Sign #1: You’re not Happy

This is a great place to start. Someone who is dating the right person consistently enjoys the relationship and feels a general sense of happiness. We’re not saying that they wouldn’t argue or be upset with their partner occasionally; even the healthiest couples do that. And we’re not saying that there wouldn’t be times when a person in a good relationship would get down or struggle emotionally at some level. But generally speaking, a person who is in the right relationship is going to be happy. So if you find yourself unhappy much of the time – and especially when you’re with your partner – then that’s a fairly clear sign that this may not be the best person for you.
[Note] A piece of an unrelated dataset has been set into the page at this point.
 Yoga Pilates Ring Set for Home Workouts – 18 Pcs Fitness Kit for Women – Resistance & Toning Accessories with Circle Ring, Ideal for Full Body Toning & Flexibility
Sign #2: You Don’t Feel Good about Yourself

In addition to feeling happy, a person in a good relationship usually has a positive self esteem. Sure, they will have doubts and insecurities, and they may even deal with some bigger questions about themselves. But the time they spend with their partner will make them feel better about themselves, not worse. In contrast, if your partner exacerbates your self doubts and undermines your confidence, then that’s a major red flag that this is not a good person for you to be in a relationship with. You want someone who affirms and celebrates the great things about you, not someone who wrecks your self confidence and torpedoes your every attempt at growth.
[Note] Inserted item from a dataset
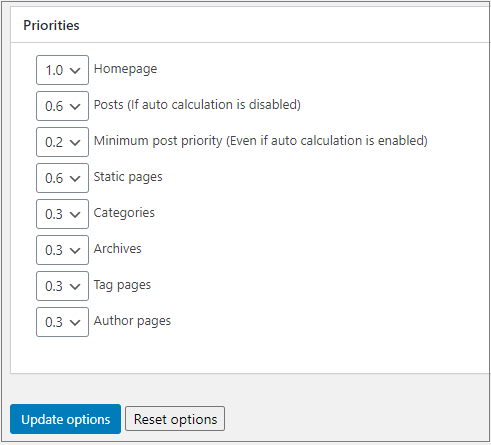 sitemap priority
Sign #3: The People you Trust Urge you to Get Out

If the people you trust and are closest to feel that you’ve found a good catch and therefore encourage the relationship, that’s a good sign that you two may belong together. On the other hand, if the people who love you the most are begging you to get away from someone, then that person’s probably not the one for you. Of course, sometimes your friends and family may choose someone for you who isn’t a great match. In these cases, it’s not always wise to follow their advice. But if they are the people you trust the most and who know you best, and they are urging you to get out of your current relationship, then you owe it to yourself to give their advice a serious listen.

Sign #4: You Find yourself Constantly Thinking about Someone Else

It’s not always the case that a person is wrong because of some sort of character flaw or personal defect. Sometimes, the problem is simply that the person isn’t someone else. If you are dating one person but secretly wishing you were with somebody else, then that’s a problem. It could be that it’s an ex you’re still carrying a torch for. Or maybe it’s someone else in your life you wish you could be with. Regardless, if you are constantly (or even frequently) wishing you were dating a different person, then that’s a sure-fire sign that your current relationship is not all it should be.
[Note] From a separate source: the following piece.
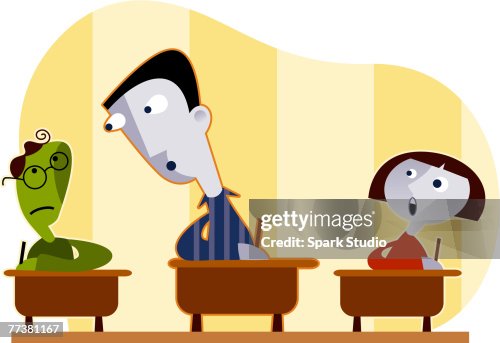 A boy cheating on an exam A boy cheating on an exam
Sign #5: You Find yourself Denying Facts you know to be True

This is the old “river in Egypt” problem—you’re swimming in “de Nile.” And it can happen to all of us. We know something is true, but we just can’t bring ourselves to see it or admit it. Maybe you don’t want to believe something negative about your partner, or you want to ignore the fact that all you two ever do is argue when you’re together. Whatever the actual issue, if you are working hard to deny facts about your relationship that you know to be true, then you are probably dating the wrong person.

Sign #6: The Cons of Staying Together Outweigh the Pros

A cost-benefit analysis can be helpful in situations other than at the office. Sit down for a few minutes and write down the advantages of continuing to date the person you are with. Then list the disadvantages. When you compare the lists, you might determine that the reasons to stay together are more compelling than the reasons to break up. But if the opposite appears to be the case, then let logic be your guide and move on to someone else.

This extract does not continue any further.